Good faith here means that the third person was not aware of the death of the principal at the
time he contracted with said agent. These two requisites must concur: the absence of one will
render the act of the agent invalid and unenforceable.
In the instant case, the agent Simeon Rallos knew of the death of his principal at the time
he so the latter’s share in the Lot to the corporation. On the basis of the established knowledge of
Simeon Rallos concerning the death of his principal, Article 1931 of the Civil Code is
inapplicable. Therefore, the sale should be considered unenforceable.
Linan vs.
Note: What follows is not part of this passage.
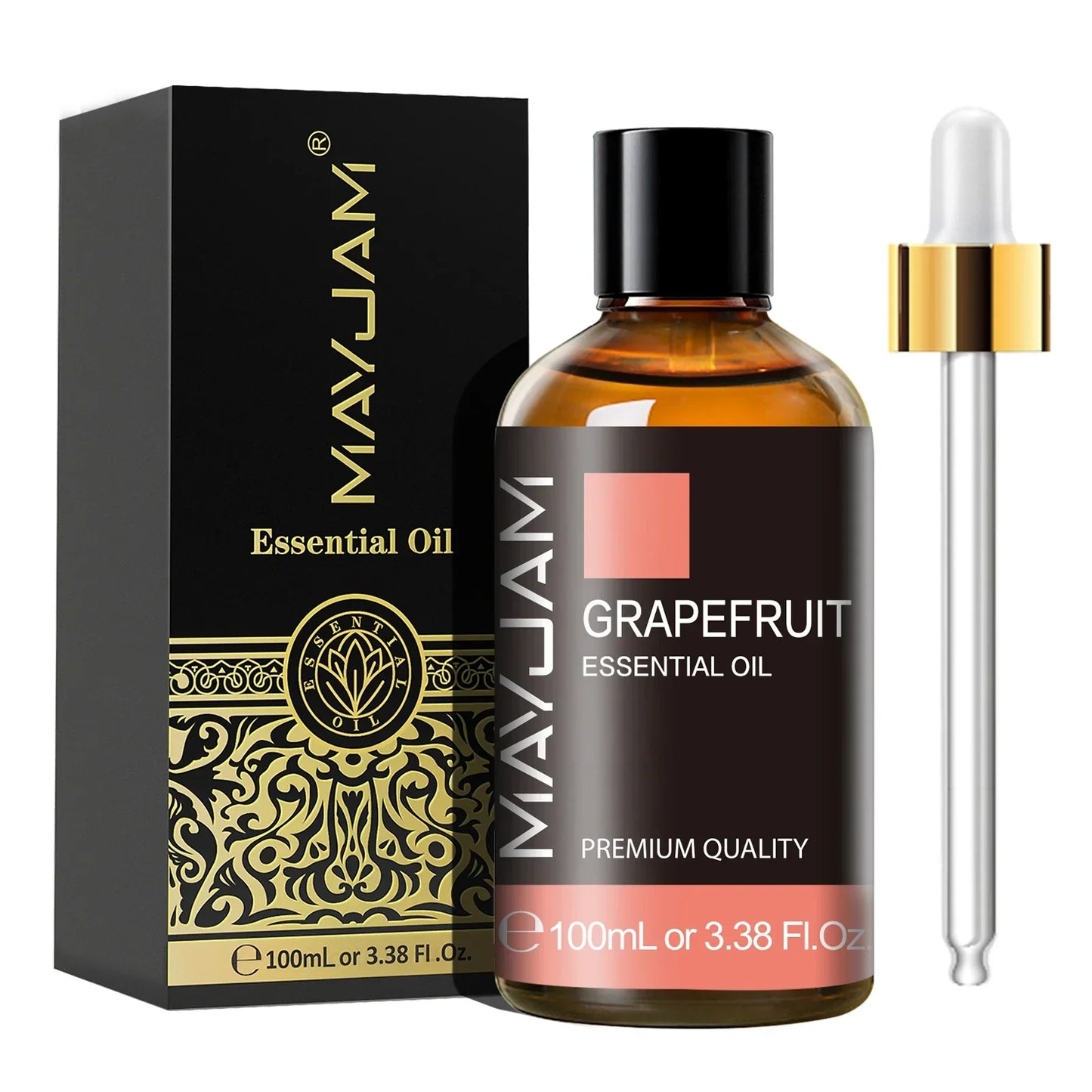 Must-Have MAYJAM Essential Oil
Puno
G.R. No. 9608. August 7, 1915
Facts:
Diego Linan was the owner of a parcel of land in Tarlac. On May 1908, Linan executed a
document which conferred upon Marcos Puno sufficient power to “administer the interest
[Linan] possess within the municipality of Tarlac, purchase, sell, collect and pay… in any
proceeding or business concerning the good administration and advancement of his said
interest…” In June 1911, Puno sold and delivered said parcel of land to the Maglanoks. Linan
alleged that the document did not confer upon Puno the power to sell the alnd and prayed that the
sale be ses aside.
Issue:
Whether or not the sale of the land was illegal and void
Ruling:
No. Contracts of agency, as well as general powers of attorney, must be interpreted in
accordance with the language used by the parties. The real intention of the parties is primarily to
be determined from the language used. The intention is to be gathered from the whole
instrument. In case of doubt, resort must be had to the situation, surroundings, and relations of
the parties. It is to be presumed that the parties said what they intended to say and that they used
each word or clause with some purpose, and that purpose is, if possible, to be ascertained and
enforced. The meaning of general words must be construed with reference to the specific object
to be accomplished and limited by the recitals made in reference to such object.
Observing the document executed by Linan, there seems to be no good reason for saying
that Puno had authority to administer and not to sell when “to sell” was as advantageous to Linan
in the administration of his affairs as “to administer”. To hold that the power was “to administer”
only when the power “to sell” was equally conferred would be to give effect to a portion of the
contract only. That would give to special words of the contract a special and limited meaning to
the exclusion of other general words of equal import. Thus, Puno was well within the power
conferred upon him as agent of Linan when he sold the latter’s parcel of land; the sale is valid.